This conclusion is bolstered by the fact that, among those courts that have considered expert testimony on the question, radically different conclusions have been drawn from substantially similar medical evidence. Compare, e.g., Eagle–Picher Industries, Inc. v. Liberty Mutual Ins. Co. , 682 F.2d 12, 19 (1st Cir. 1982) (adopting manifestation trigger theory), cert. denied sub nom. Froude v. Eagle–Picher Industries, Inc. , 460 U.S. 1028, 103 S.Ct. 1279, 75 L.Ed.2d 500 (1983) ; Ins. Co. of North America v. Forty–Eight Insulations, Inc. , 633 F.2d 1212, 1218–19 (6th Cir. 1980) (Forty–Eight Insulations ) (exposure theory), clarified on reh'g, 657 F.2d 814 (6th Cir.), cert. denied, 454 U.S. 1109, 102 S. Ct. 686, 70 L.Ed. 2d 650 (1981) ; Zurich Ins. Co. v. Raymark Industries, Inc. , 118 Ill.2d 23, 42–44, 514 N.E.2d 150, 112 Ill.Dec. 684 (1987) (unique triple trigger theory); Continental Casualty Co. v. Employers Ins. Co. of Wausau , supra, 60 A.D.3d 128, 871 N.Y.S.2d 48 (injury-in-fact theory).

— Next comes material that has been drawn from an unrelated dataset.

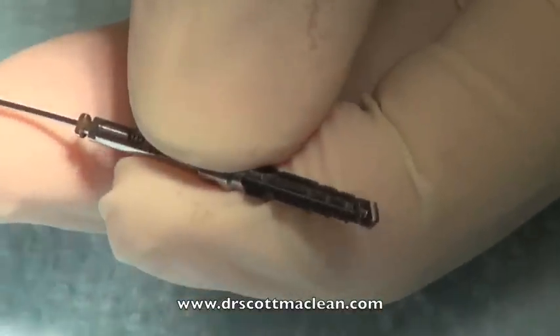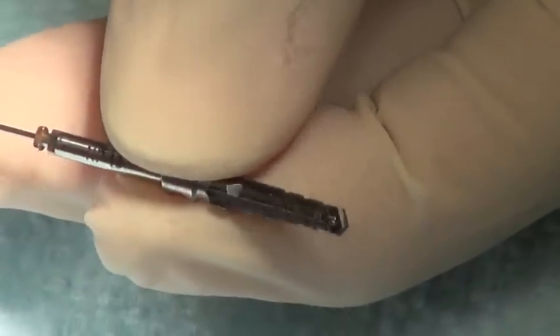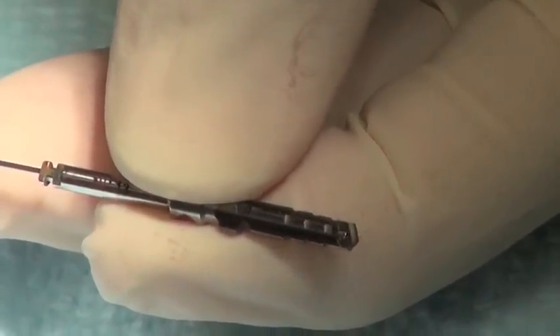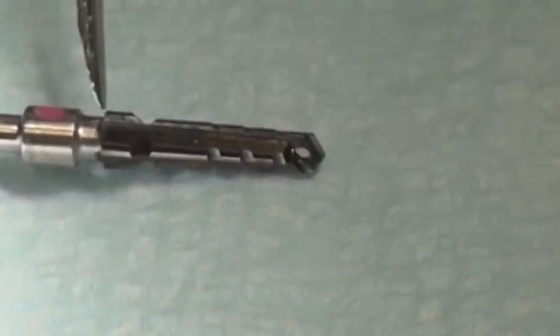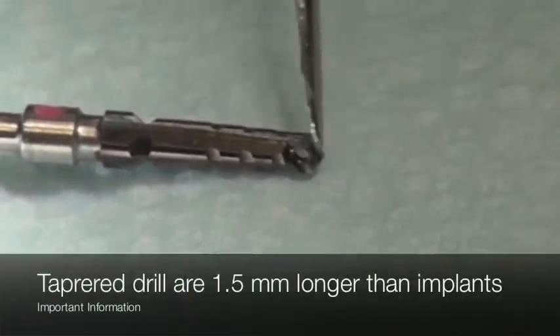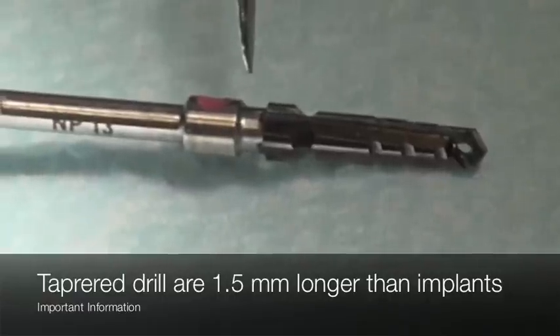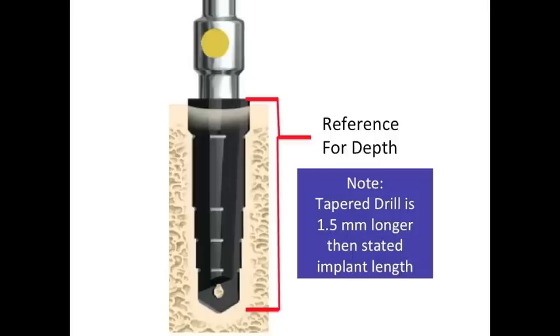Water will be squirted up through a cannula in the middle of the implant drill, and also squirted on the outside to keep it cool. The drill will be inserted to the marked level — not up here, but right here. This length from the tip to that point is actually 1.5mm longer than the stated implant length by the manufacturer. So the implant length is 10mm, and this is going to be 11.5.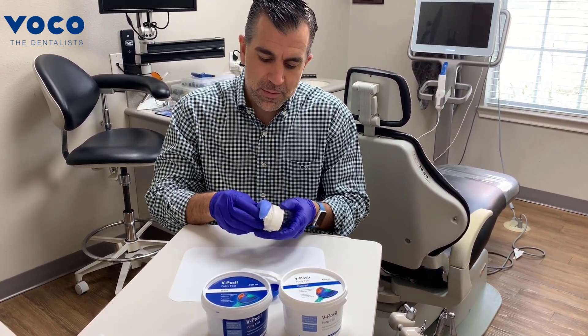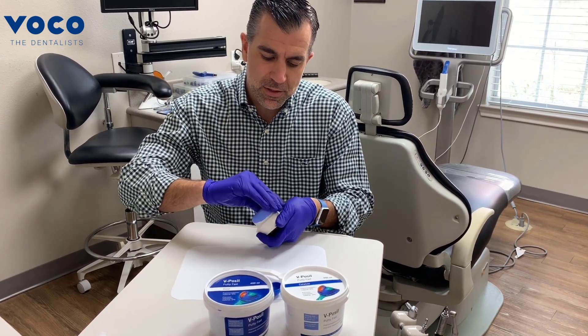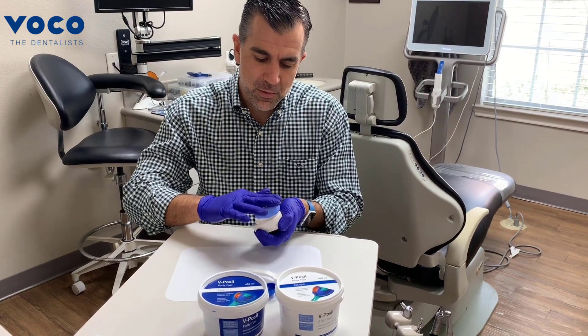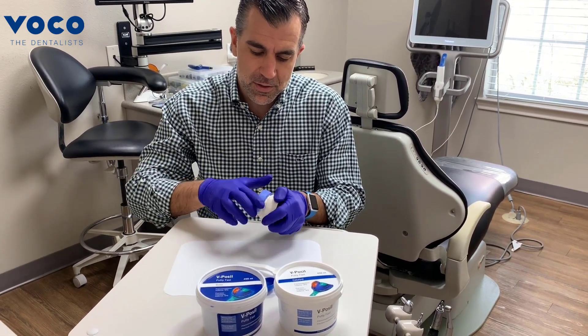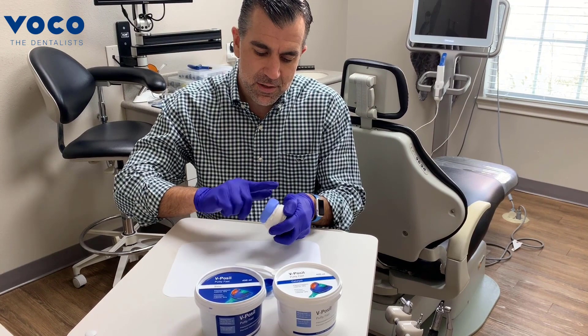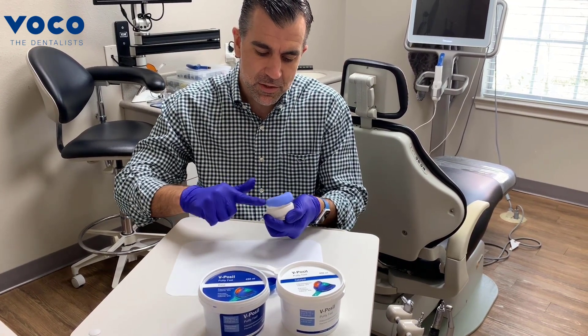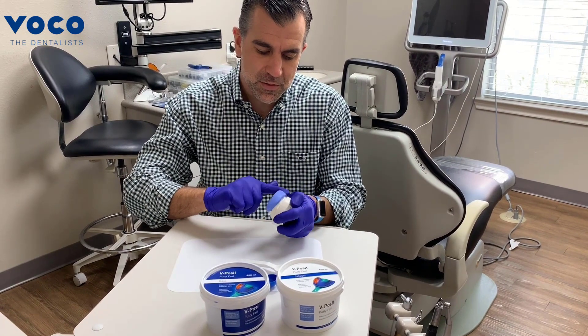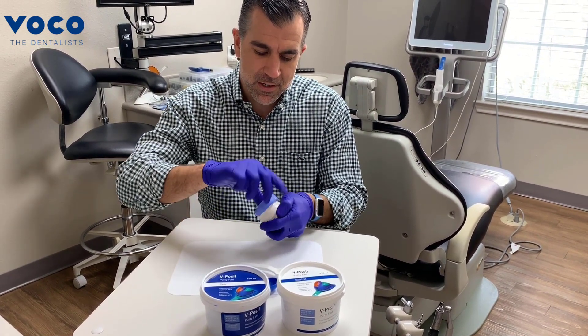Don't worry about full adaptation because on the next step we're going to talk about relining this, and we'll also discuss further uses of putty matrices in other videos. Just try and even it out as much as you can and try to get rid of all the ripples — that's really just for us and our sanity as dentists.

Third, resolving the injury issue as a question of fact on a case-by-case basis would create uncertainty and significantly increase litigation costs. See M. Doherty, " Allocating Progressive Injury Liability Among Successive Insurance Policies," 64 U. Chi. L. Rev. 257, 258 (1997). As the United States Court of Appeals for the Sixth Circuit explained in Forty–Eight Insulations , "[i]n each case where a plaintiff sues an asbestos manufacturer, a hearing could be held to determine at what point the buildup of asbestos in the plaintiff's lungs resulted in the body's defenses being overwhelmed. At that point, asbestosis could truly be said to occur .... From then on, all companies [that] insured the manufacturer would be treated as being on the risk ....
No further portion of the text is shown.